Graça e paz vos sejam dadas da parte de Deus nosso Pai e do Senhor Jesus Cristo.
Bendito (seja) Deus e Pai de Nosso Senhor Jesus Cristo, que nos abençoou, do alto dos céus, com toda a bênção espiritual, em Cristo,
escolhendo-nos nele, antes da criação do mundo, para sermos santos e imaculados, a seus olhos,
o qual (também) nos predestinou, no seu amor, para sermos seus filhos adotivos por (meio de) Jesus Cristo, por sua livre vontade,
para louvor da sua graça esplendorosa, a qual nos concedeu no muito Amado (Filho).

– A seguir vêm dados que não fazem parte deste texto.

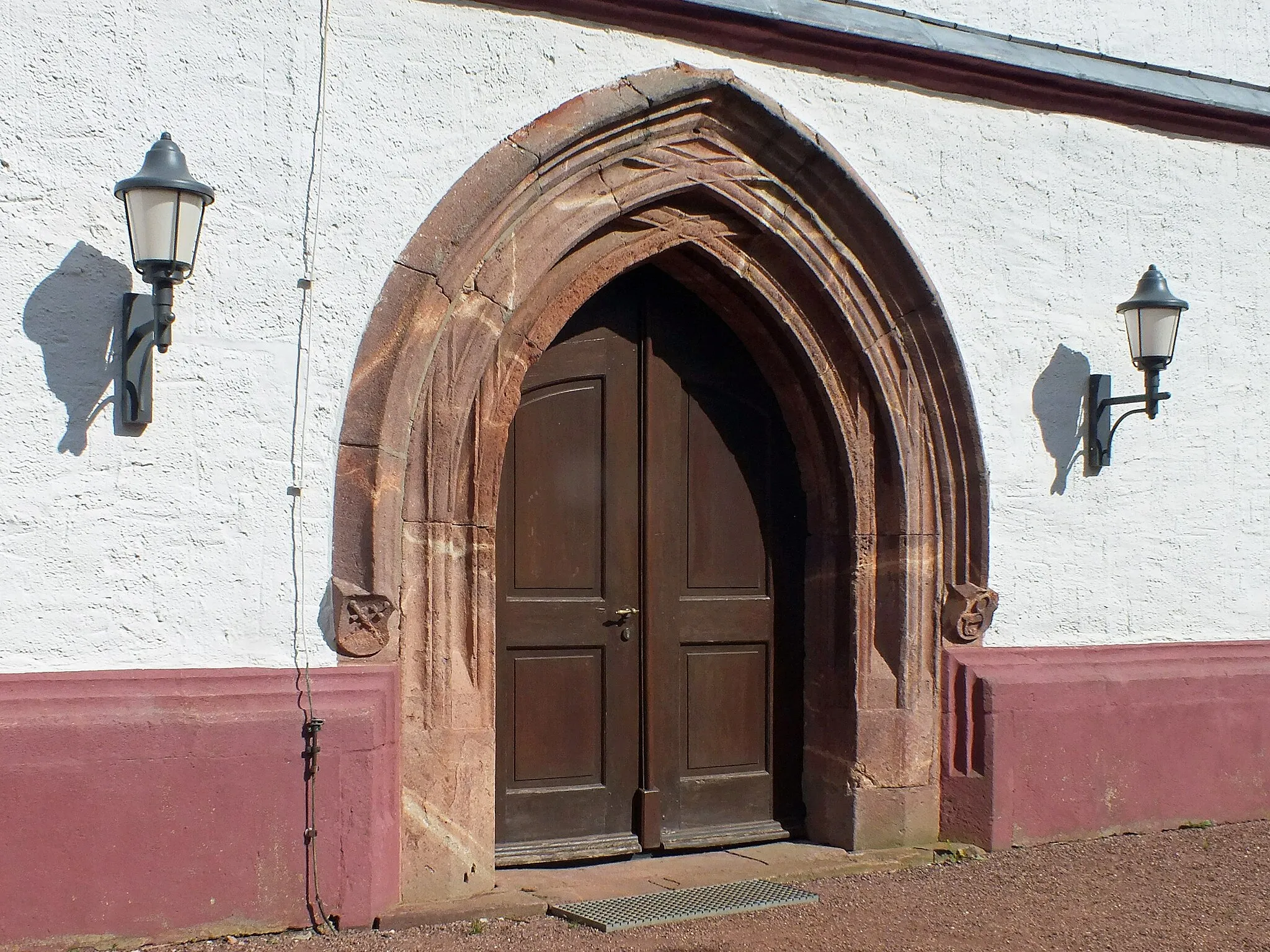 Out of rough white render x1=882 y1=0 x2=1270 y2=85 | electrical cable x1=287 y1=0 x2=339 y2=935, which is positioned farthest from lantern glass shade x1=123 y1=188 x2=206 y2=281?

É nele que temos a redenção pelo seu sangue, a remissão dos pecados, segundo as riquezas da sua graça,
a qual derramou abundantemente sobre nós, em toda a sabedoria e prudência,
tornando-nos conhecido o mistério da sua vontade, que, segundo o seu beneplácito, tinha, desde há muito, estabelecido consigo mesmo,
para o realizar sua plenitude dos tempos: reunir em Cristo todas as coisas, assim as do céu, como as da terra.
Nós, predestinados pelo decreto daquele que opera todas as coisas, segundo o conselho da sua vontade, fomos escolhidos
para servir ao louvor da sua glória, nós, que antes tínhamos esperado em Cristo,
Nele também vós, tendo ouvido a palavra da verdade, o Evangelho da vossa salvação, e, tendo crido nele, fostes marcados com o selo do Espirito Santo que tinha sido prometido,
o qual é o penhor da nossa herança, esperando a plena redenção daqueles que Deus adquiriu, em louvor da sua glória.

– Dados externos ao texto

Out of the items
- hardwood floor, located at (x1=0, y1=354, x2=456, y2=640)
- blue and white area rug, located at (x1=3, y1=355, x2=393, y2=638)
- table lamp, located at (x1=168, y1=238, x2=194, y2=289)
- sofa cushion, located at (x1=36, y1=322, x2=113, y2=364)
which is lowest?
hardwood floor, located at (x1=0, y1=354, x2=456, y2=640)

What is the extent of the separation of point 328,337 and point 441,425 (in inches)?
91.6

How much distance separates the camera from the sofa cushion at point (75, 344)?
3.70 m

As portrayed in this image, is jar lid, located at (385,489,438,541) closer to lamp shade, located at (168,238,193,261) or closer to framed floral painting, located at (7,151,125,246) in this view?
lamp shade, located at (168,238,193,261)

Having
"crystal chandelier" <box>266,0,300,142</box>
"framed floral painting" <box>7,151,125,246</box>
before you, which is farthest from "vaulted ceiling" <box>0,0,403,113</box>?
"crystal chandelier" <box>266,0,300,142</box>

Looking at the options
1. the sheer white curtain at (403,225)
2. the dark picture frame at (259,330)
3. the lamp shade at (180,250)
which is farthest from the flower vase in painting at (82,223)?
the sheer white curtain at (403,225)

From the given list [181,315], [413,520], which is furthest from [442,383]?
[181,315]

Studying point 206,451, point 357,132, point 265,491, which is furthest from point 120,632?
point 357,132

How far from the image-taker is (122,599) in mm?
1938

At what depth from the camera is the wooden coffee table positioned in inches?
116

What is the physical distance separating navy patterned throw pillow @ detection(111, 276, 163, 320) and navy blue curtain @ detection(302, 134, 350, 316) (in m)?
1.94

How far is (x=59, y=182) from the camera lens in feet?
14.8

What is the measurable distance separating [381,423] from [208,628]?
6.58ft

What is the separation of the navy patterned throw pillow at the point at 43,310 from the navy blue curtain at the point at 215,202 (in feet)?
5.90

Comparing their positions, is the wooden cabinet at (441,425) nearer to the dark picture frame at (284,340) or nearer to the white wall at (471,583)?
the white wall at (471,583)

Por isso, eu também, tendo ouvido qual a fé que tendes no Senhor Jesus e o amor para com todos os santos,
não cesso de dar graças (a Deus) por vós, fazendo menção de vós nas minhas orações,
para que o Deus Nosso Senhor Jesus Cristo, o Pai de glória, vos dê o espírito de sabedoria e de revelação, para o conhecerdes,
iluminando os olhos do vosso coração, para que conheçais qual a esperança a que ele vos chamou, quais as riquezas da glória da sua herança reservada aos santos,
e qual é em nós, os que cremos, a suprema grandeza do seu poder, atestado pela eficácia da sua força soberana (em nos converter),
a qual ele empregou em Cristo, ressuscitando-o dos mortos e pondo-o à sua mão direita no céu,
acima de todo o principado, potestade, virtude e dominação, acima de todo o nome que é nomeado, não só neste século, mas também no futuro.
Pôs debaixo dos seus pés todas as coisas e constituiu-o cabeça de toda a Igreja,
que é o seu corpo e o complemento daquele que se completa em todos.